> _Data provided_:
__________

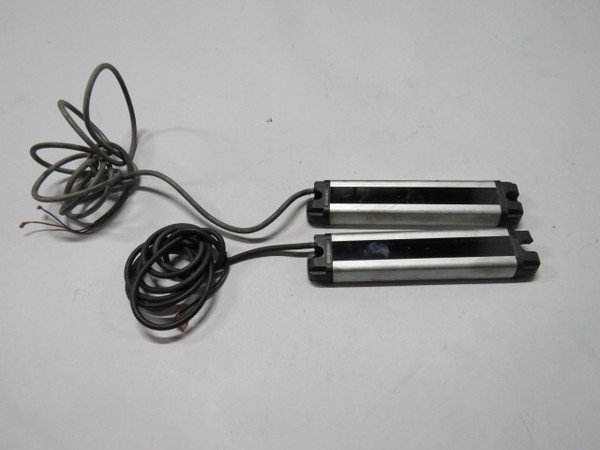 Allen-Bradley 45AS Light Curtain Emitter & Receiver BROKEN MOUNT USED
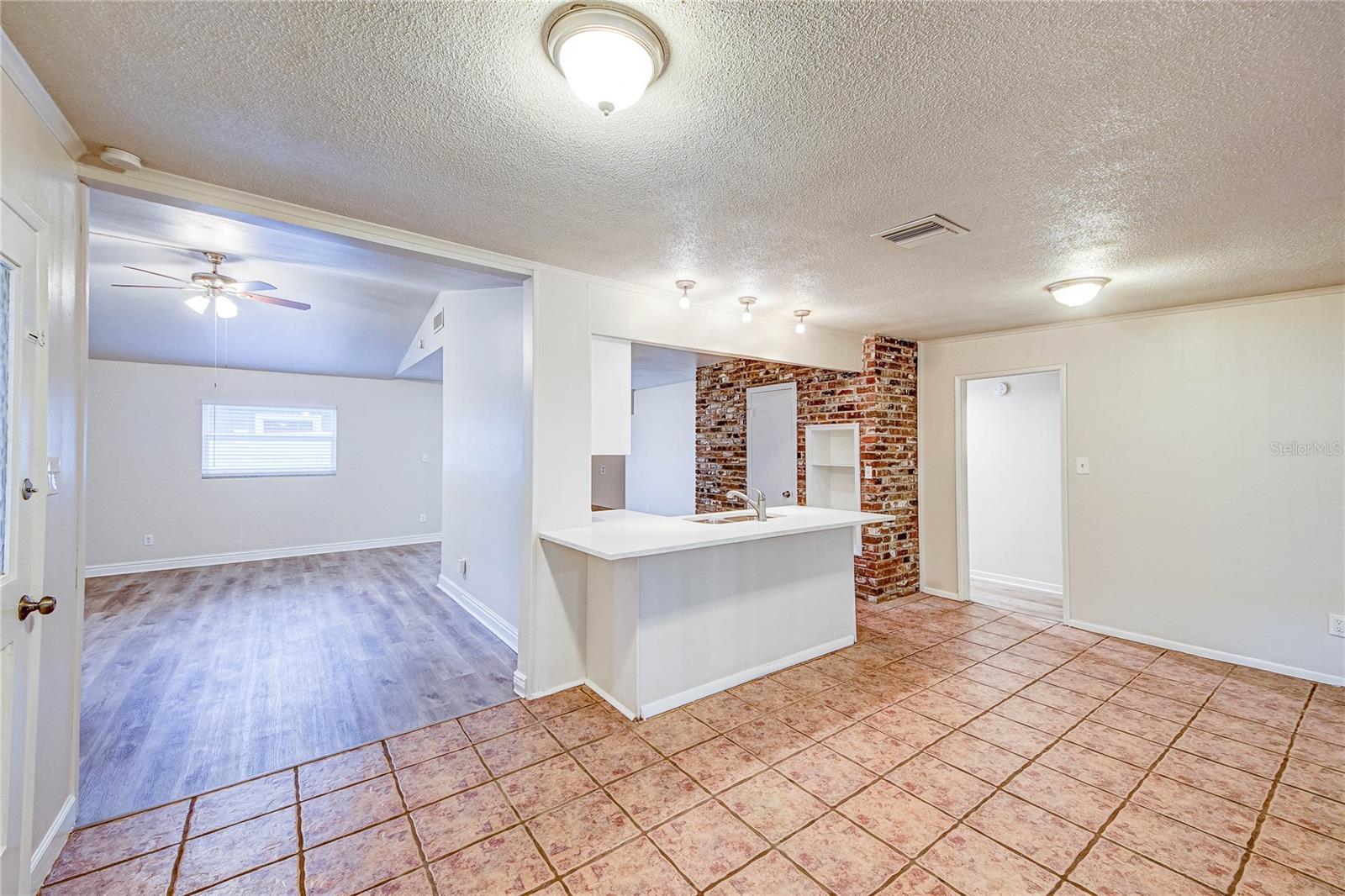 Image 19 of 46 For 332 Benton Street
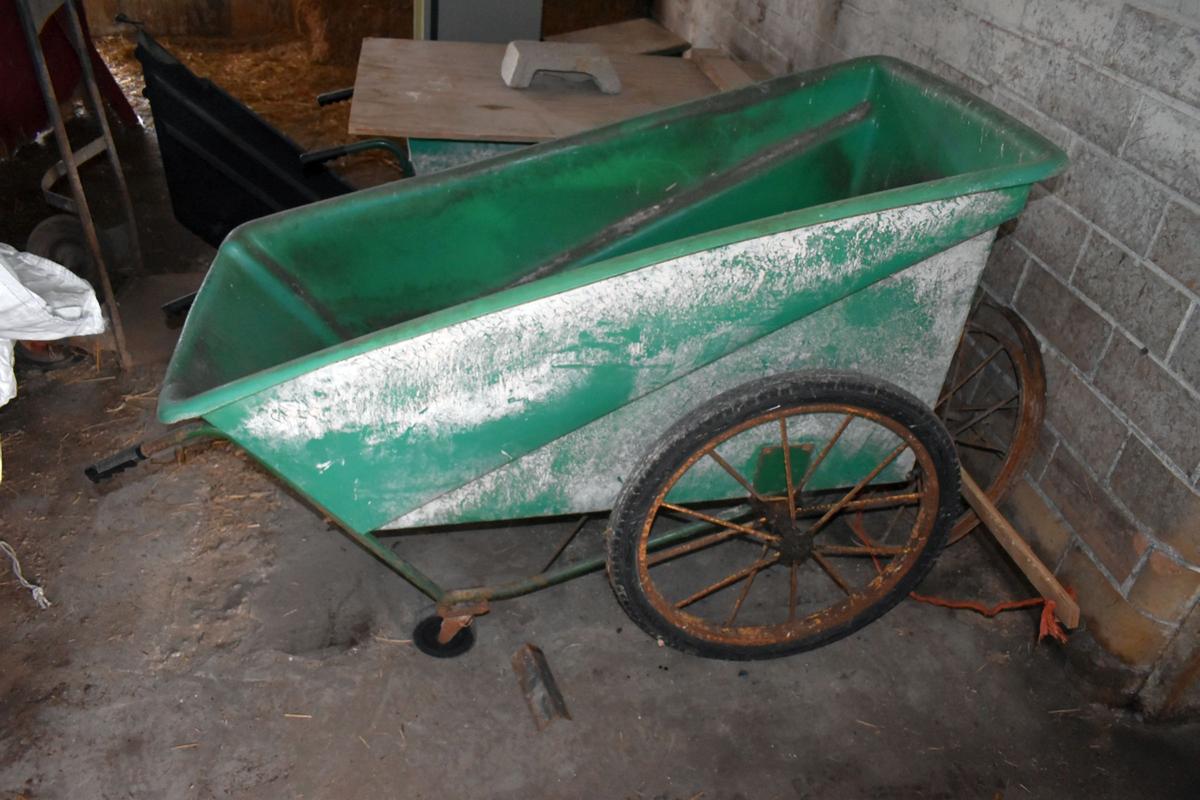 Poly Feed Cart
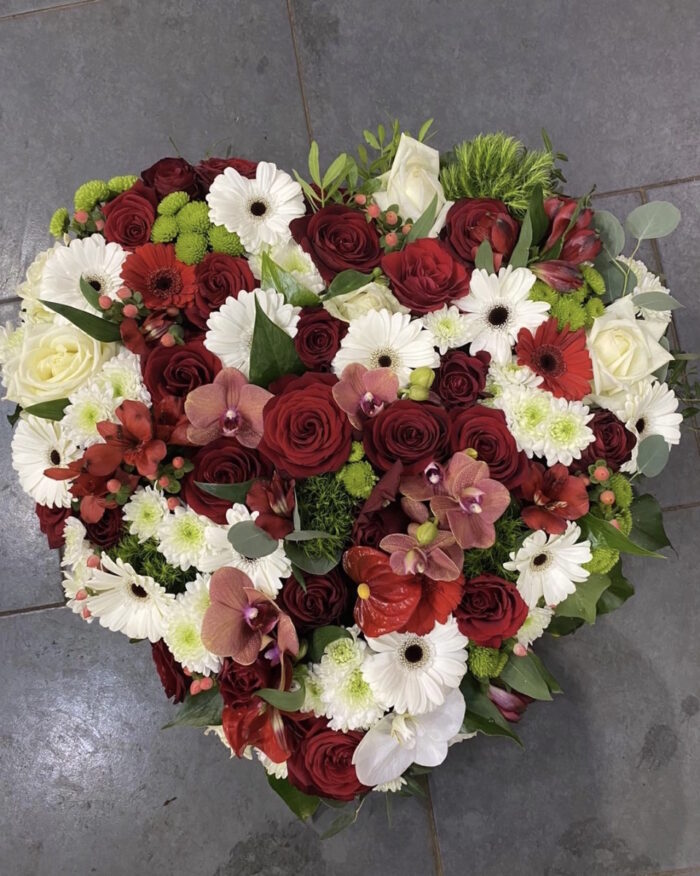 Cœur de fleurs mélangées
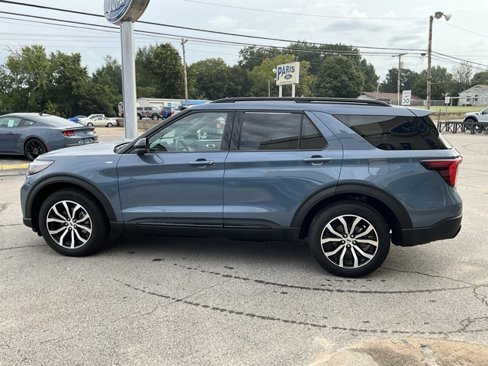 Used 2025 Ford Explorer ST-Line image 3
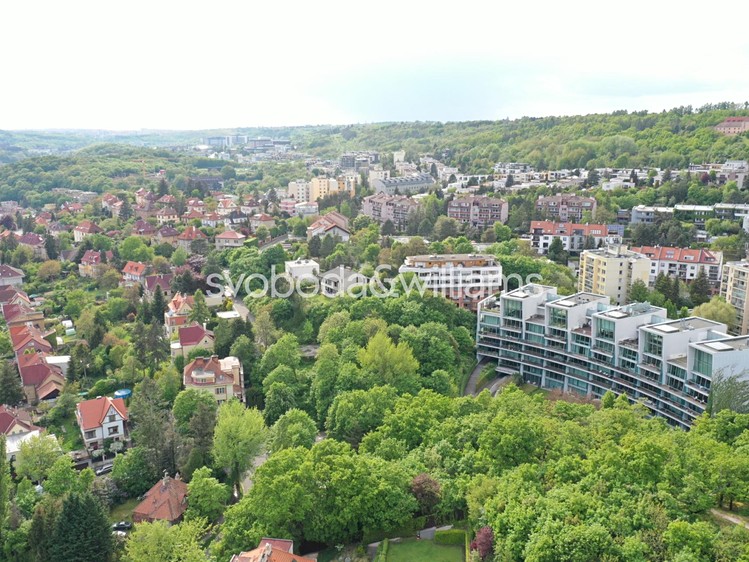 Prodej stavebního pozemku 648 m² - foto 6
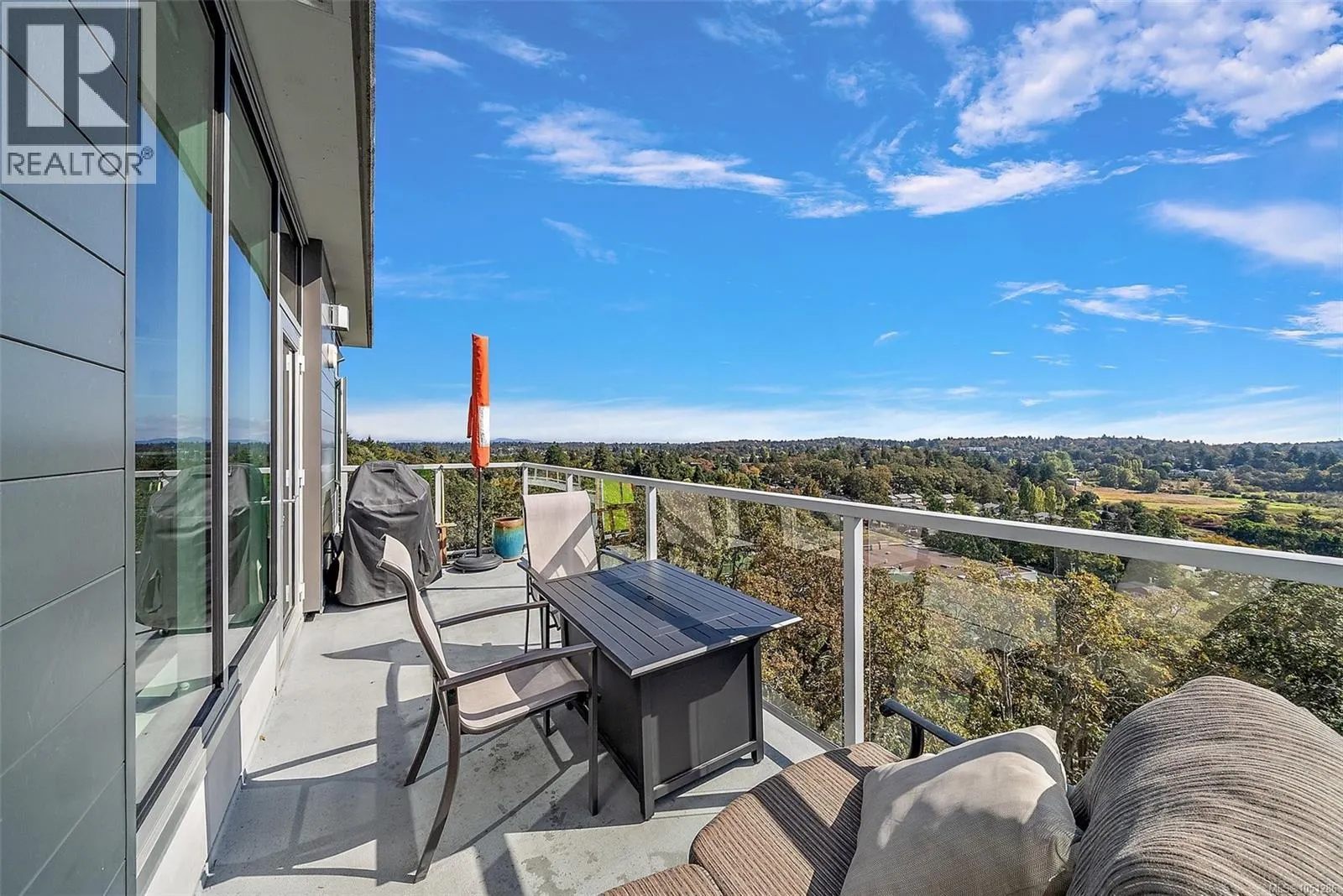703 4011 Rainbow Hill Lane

__________

> _The task_:
Can you repeat every record above exactly, apart from the pictures?

> _Exercise answer_:
 Allen-Bradley 45AS Light Curtain Emitter & Receiver BROKEN MOUNT USED
 Image 19 of 46 For 332 Benton Street
 Poly Feed Cart
 Cœur de fleurs mélangées
 Used 2025 Ford Explorer ST-Line image 3
 Prodej stavebního pozemku 648 m² - foto 6
703 4011 Rainbow Hill Lane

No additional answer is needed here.